Nothing but the lines from the one showing "At Invergrove Hyundai, experience" through the final line of the data below belongs in the answer, duplicated exactly and without pictures.

Data for this task:
::::
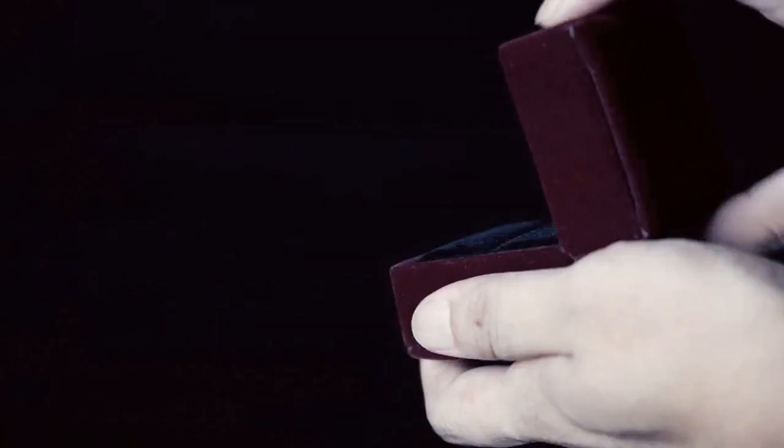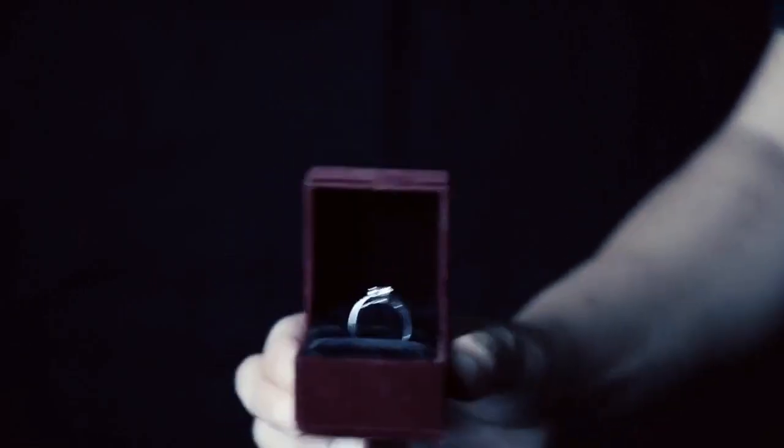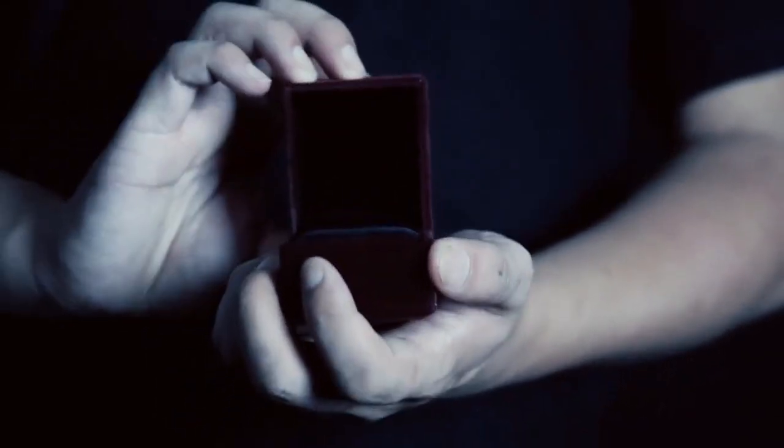It works with most ring sizes. You can close the cover or perform the real miracle through it. Of course, you can also use it to show the vanishing ring effect through some simple techniques.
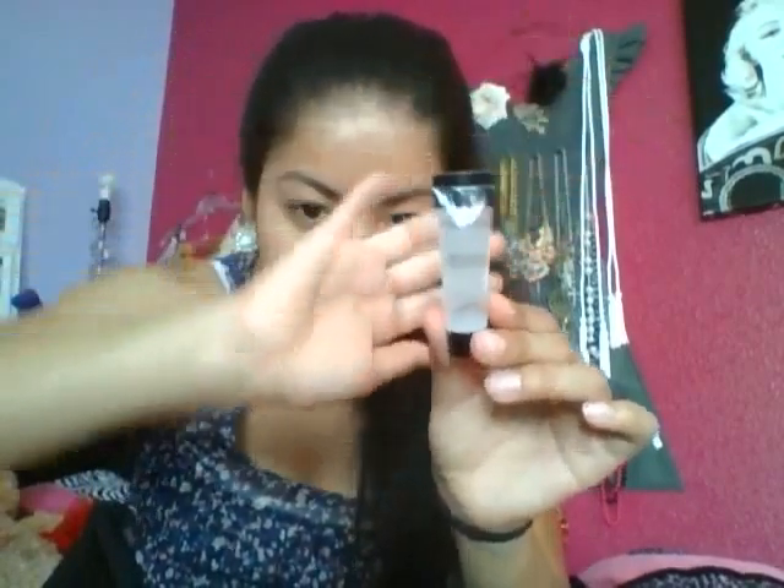Then I got the Smashbox Photo Finish Foundation Primer. It's like a small container, probably about the size of my ear.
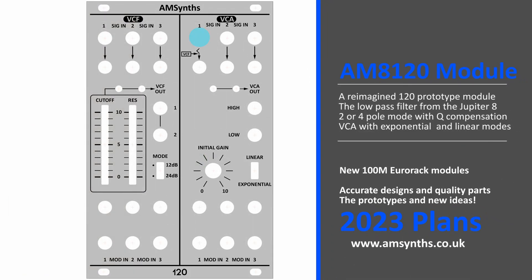The AM8120 module — a reimagining of the Roland 120 prototype, which had a combination of a VCF and a VCA. For the VCF, the magical low pass filter from the Jupiter 8 is used, with two and four pole modes both featuring Q compensation. The VCA is from the 100M with both exponential and linear modes.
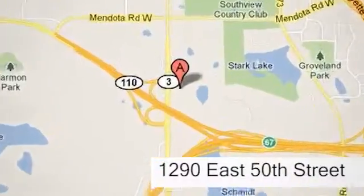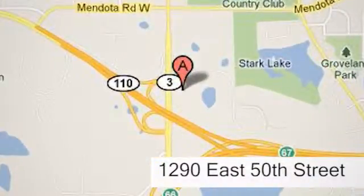At Invergrove Hyundai, experience the Invergrove Hyundai difference. We're conveniently located at 1290 East 50th Street in Invergrove Heights, Minnesota.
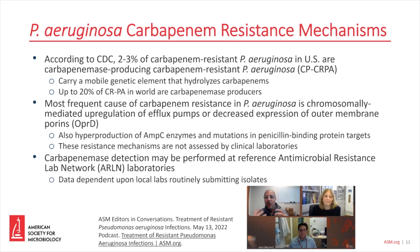I do want to point out this wonderful ASM editors in conversation discussion that took place in 2022 concerning treatment of Pseudomonas aeruginosa infections. You can see the panelists on the lower right-hand side. This discussion also covered a lot of resistance mechanisms as well.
::::
Solution for this task:
At Invergrove Hyundai, experience the Invergrove Hyundai difference. We're conveniently located at 1290 East 50th Street in Invergrove Heights, Minnesota.
I do want to point out this wonderful ASM editors in conversation discussion that took place in 2022 concerning treatment of Pseudomonas aeruginosa infections. You can see the panelists on the lower right-hand side. This discussion also covered a lot of resistance mechanisms as well.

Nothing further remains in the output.